The major web search engines today compile their indexes by extracting keywords from the text contained in web pages. The more a given keyword appears within a page, the higher is the ranking given to that page with respect to that keyword. When a searcher enters several keywords into a search engine, the web pages appearing higher in the list will be those in which the submitted keywords appear in closer proximity to each other. There are so many pages on the Web that many will have the same ranking in a search. To try to be fair, some search engines use a scheme called churning. This means that in one search one relevant page will be listed first whereas for another search on the same keywords another equally-ranking page will be listed first.
This process of building an index from keywords appearing in the text began with books.
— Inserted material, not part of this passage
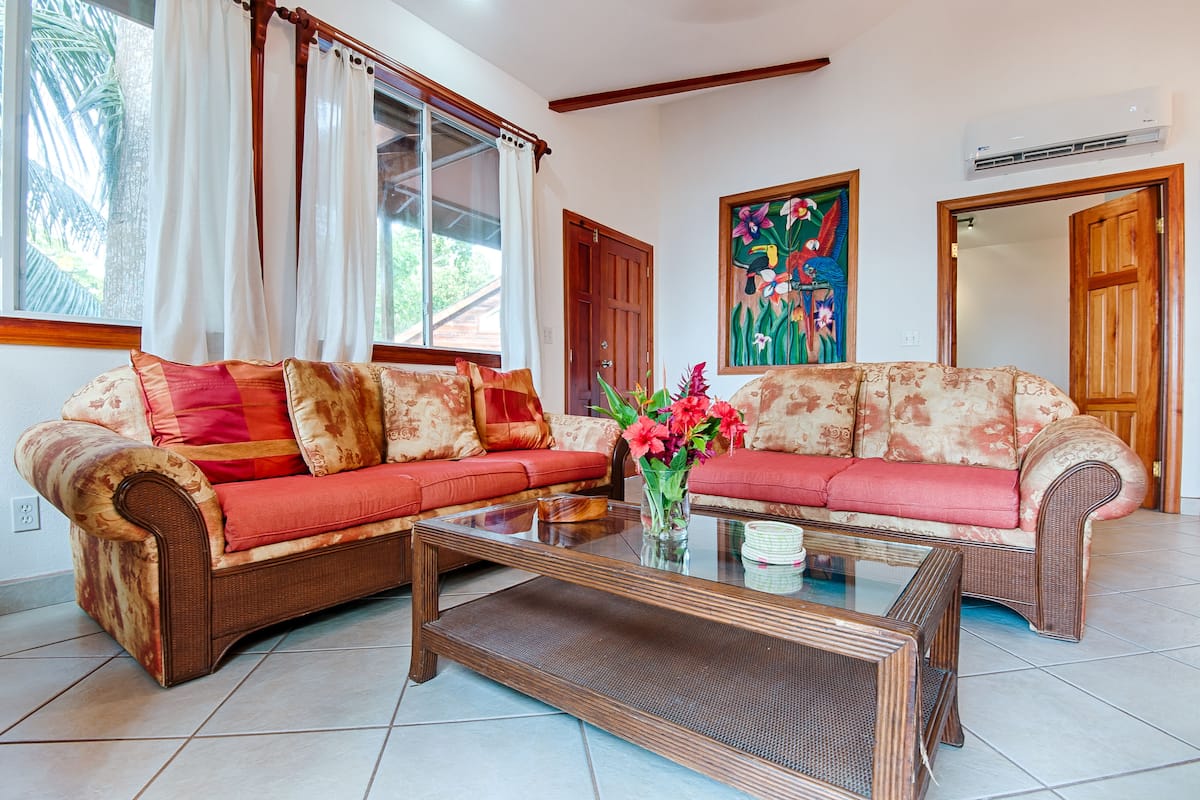 A living room with a sofa, a coffee table, and a painting on the wall.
Probably the first instance of this is Cruden's Concordance of the King James Bible, first published in 1737. It was this in fact that triggered my interest in indexing. What struck me was that during a 7-year intense study of the Bible many years ago, Cruden's Concordance proved to be nowhere near as helpful as I expected it to be. And I wondered why.
One day, I remembered a very interesting passage I had read and I wanted to refer to it in the light of another passage I had read in an entirely different part of the Bible. I knew clearly the ideas, notions and concepts embodied within this lost passage. I knew exactly what it was about. I thought of relevant keywords and wrote them down. Then I used Cruden's Concordance to look up the references to these words. However, none of these keywords led me to the passage I was seeking.
Many months later while reading the Bible, I came across my lost passage. I read it very carefully again. Yes, I had understood the ideas within it. Yes, I had selected completely relevant keywords in order to search for it through Cruden's Concordance. But not one of these highly relevant keywords appeared in the text of the passage. Instead, the ideas, notions and concepts within the passage had been expressed far more powerfully in terms of small common words arranged into well tuned phrases. Furthermore, not a single one of those small common words alone conveyed anything specific about any of the ideas, notions or concepts contained in the passage.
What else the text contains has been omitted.